CompressedFastTextVectors allows the loading of fastText data that has been compressed via https://github.com/avidale/compress-fasttext. This approach can reduce the memory requirements of fastText by several magnitudes without a huge loss in quality.

Sampling

A small but important topic with static topic is how embedding vectors are to be chosen given various tokens that have been normalized to the same base form. The approach taken is refered to as sampling in the Vectorian and can be configured in various Embedding classes (see the embedding_sampling argument in the PretrainedGensimVectors constructor for example).

Let us assume we have two tokens, "behold" and "Behold", that have both been normalized to the same form "behold" through a lowercase-rule in the Session's normalizers settings (see Session).
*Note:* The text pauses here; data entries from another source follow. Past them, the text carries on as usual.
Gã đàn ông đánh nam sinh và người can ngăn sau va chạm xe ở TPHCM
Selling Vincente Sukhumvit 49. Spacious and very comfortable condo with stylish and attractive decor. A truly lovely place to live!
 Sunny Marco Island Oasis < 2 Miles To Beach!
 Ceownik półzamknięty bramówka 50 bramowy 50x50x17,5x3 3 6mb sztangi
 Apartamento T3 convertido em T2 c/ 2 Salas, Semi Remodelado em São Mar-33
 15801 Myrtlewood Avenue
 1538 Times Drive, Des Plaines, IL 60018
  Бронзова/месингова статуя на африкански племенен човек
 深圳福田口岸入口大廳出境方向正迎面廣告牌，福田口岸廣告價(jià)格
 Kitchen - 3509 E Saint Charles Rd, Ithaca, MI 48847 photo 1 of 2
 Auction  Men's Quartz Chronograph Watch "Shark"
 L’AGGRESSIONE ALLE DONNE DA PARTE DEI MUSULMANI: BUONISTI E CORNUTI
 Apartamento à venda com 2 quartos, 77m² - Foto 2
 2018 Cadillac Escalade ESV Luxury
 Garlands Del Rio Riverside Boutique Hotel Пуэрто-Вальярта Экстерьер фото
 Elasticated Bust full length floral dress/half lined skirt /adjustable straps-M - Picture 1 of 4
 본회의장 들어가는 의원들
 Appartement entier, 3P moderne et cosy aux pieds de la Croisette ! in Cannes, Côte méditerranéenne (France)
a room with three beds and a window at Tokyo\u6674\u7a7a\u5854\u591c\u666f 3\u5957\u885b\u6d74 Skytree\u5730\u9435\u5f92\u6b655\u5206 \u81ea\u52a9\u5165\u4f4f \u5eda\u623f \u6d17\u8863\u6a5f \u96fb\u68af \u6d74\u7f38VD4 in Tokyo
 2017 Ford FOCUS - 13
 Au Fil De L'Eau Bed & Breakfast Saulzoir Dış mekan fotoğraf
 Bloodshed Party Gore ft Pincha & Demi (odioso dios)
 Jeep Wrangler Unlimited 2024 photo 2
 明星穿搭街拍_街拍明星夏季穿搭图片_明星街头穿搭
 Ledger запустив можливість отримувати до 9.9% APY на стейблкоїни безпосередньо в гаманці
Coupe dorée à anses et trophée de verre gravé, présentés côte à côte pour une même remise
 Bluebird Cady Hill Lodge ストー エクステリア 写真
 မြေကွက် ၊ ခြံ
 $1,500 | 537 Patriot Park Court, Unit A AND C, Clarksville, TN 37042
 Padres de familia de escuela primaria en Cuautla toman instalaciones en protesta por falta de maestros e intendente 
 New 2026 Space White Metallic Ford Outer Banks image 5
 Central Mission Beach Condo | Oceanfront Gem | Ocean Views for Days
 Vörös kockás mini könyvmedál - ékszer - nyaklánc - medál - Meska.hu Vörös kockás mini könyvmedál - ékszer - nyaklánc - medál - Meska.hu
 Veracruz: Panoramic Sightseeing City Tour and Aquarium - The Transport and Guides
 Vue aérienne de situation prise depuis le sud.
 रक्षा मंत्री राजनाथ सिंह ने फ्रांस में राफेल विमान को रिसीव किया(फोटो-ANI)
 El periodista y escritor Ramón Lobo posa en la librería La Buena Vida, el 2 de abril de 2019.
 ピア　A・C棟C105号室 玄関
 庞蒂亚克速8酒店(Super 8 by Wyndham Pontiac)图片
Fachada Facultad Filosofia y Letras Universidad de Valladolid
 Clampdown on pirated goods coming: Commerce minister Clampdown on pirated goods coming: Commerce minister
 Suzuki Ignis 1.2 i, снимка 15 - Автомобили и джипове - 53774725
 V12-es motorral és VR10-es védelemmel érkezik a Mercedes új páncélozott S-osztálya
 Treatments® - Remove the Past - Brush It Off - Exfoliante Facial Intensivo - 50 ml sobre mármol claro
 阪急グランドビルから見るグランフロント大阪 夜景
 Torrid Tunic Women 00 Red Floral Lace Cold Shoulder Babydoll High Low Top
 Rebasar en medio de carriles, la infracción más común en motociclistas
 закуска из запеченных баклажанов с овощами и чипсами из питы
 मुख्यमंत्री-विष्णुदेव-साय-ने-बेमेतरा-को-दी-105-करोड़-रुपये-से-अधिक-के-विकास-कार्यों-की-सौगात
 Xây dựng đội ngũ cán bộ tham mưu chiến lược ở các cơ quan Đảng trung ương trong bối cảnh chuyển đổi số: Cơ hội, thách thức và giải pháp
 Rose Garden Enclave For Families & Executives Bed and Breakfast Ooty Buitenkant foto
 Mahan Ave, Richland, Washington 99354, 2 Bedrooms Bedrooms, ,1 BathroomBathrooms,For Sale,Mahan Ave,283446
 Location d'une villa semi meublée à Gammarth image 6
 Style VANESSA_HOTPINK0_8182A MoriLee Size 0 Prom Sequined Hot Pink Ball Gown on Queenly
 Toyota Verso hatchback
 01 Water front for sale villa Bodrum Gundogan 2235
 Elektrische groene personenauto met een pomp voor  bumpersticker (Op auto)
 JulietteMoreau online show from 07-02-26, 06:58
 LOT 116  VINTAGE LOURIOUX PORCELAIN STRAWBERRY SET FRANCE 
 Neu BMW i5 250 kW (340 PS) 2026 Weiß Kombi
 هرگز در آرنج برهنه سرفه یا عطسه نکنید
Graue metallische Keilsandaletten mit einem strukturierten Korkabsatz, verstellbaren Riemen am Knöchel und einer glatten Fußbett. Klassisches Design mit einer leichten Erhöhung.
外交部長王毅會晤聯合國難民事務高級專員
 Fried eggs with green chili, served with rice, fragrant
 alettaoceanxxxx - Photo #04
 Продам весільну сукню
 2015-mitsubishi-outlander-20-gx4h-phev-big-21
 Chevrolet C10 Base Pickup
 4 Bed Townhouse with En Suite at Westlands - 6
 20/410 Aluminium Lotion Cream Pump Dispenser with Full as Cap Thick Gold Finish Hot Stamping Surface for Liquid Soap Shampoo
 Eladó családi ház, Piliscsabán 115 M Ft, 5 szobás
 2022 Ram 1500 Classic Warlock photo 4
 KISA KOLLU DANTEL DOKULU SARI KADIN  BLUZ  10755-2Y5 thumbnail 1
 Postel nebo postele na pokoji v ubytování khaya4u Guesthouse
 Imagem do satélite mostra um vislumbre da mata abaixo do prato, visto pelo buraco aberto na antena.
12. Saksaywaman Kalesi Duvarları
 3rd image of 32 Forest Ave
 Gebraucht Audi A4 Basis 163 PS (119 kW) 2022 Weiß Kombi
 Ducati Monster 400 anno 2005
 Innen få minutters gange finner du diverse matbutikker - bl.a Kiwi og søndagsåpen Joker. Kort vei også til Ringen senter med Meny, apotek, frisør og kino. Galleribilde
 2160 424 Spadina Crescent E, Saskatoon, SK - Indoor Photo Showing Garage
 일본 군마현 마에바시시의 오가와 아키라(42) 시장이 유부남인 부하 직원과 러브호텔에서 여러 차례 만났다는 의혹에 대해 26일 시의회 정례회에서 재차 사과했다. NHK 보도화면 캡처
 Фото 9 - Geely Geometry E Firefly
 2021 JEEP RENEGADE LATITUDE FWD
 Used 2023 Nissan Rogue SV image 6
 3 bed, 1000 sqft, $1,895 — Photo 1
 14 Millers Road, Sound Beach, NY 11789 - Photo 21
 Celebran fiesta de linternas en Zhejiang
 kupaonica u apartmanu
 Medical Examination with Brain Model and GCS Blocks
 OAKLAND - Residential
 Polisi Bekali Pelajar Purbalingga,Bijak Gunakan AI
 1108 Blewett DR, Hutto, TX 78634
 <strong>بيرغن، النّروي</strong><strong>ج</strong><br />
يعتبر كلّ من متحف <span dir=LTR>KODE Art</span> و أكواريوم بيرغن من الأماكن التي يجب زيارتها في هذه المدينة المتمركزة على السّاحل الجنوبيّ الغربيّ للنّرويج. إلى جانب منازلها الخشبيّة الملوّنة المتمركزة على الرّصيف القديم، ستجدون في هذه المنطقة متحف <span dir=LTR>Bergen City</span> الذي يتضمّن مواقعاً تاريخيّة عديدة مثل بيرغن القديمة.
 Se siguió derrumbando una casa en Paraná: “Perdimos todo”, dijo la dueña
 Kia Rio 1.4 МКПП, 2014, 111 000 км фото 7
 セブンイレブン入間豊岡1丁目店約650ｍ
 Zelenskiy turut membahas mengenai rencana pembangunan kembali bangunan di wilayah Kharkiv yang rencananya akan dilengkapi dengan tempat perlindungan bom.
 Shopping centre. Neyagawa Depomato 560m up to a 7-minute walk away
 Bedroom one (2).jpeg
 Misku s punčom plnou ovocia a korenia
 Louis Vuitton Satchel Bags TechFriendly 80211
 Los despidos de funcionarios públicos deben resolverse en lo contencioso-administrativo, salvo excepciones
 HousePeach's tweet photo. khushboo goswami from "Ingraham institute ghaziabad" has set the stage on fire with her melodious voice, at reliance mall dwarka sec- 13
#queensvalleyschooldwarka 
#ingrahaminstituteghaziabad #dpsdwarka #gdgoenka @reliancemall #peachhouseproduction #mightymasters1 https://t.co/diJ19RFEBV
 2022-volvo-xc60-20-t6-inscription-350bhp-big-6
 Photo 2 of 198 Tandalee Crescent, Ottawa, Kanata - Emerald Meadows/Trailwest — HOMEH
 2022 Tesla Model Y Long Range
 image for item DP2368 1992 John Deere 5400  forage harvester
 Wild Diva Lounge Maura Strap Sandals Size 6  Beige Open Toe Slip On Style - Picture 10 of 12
The Vectorian offers two options how to deal with this:

  • By default (using the "nearest" setting for sampling), the Vectorian will choose the embedding of the nearest key, namely "behold", to look up the vector for both tokens. Thus, both "behold" and "Behold" will get the embedding vector that is given for "behold" in the embedding data.
  • If specifying the "average" setting for sampling, the Vectorian will look up the vectors for both "behold" and "Behold", then average these, and then apply this averaged vector to both "behold" and "Behold".

Note that sampling will not be an issue if no token text normalization is specified in the Session (i.e. if there are no unified tokens).

Contextual Embeddings

Difference from Static Embeddings

In contrast to static embeddings, contextual embeddings provide every token instance in a text with a potentially different embedding vector. For example, in "to be or not to be", the tokens "to" and "be" might get different embeddings depending on their occurrence in the phrase. Thus, the bold "to" in "to be or not to be" might be different from the bold "to" in "to be or not to be".

Static embeddings on the other hand would map "to" to exactly one (static) vector all the time.

Contextual embeddings are often generated from network architectures such as ELMO, BERT and various newer Transformer-based architectures.

Usage in the Vectorian

To use contextual embeddings in the Vectorian, there are two options that provide access to embeddings computed through a spaCy pipeline:

  • SpacyVectorEmbedding uses the vector attribute in spaCy's Tokenclass to obtain embedding vectors. This works well with dedicated packages auch as the spaCy Sentence-BERT wrapper (see https://pypi.org/project/spacy-sentence-bert/).
  • SpacyTransformerEmbedding obtains an embedding vector by access spaCy's internal Transformer state (when using a Transformer model such as en_core_web_trf).

The second option is highly experimental and has a number of shortcomings (for example, it is debatable if the embeddings acquired in this way are even suitable as contextual embeddings since there is no control over the Transformer layers which contribute to them). In general, the first option is to be preferred.

Compression

It can be useful to compress contextual embeddings, since they can take up a large amount of disk space (this can also impact search performance). Note that compression is always a tradeoff between size and quality.

To obtain a PCA-compressed version of a contextual embedding, use the compressed method inside the embedding's class. The Vectorian will then automatically take care of compressing queries that run on those embeddings in the correct way.

Stacking Embeddings

A common technique to combine the benefits of different existing embeddings into one new embedding is to stack them (i.e. appending their vectors).

In the Vectorian, this can be achieved by using the StackedEmbedding class and providing the embeddings you want to stack.

At the time of this writing, this is only supported for static embeddings.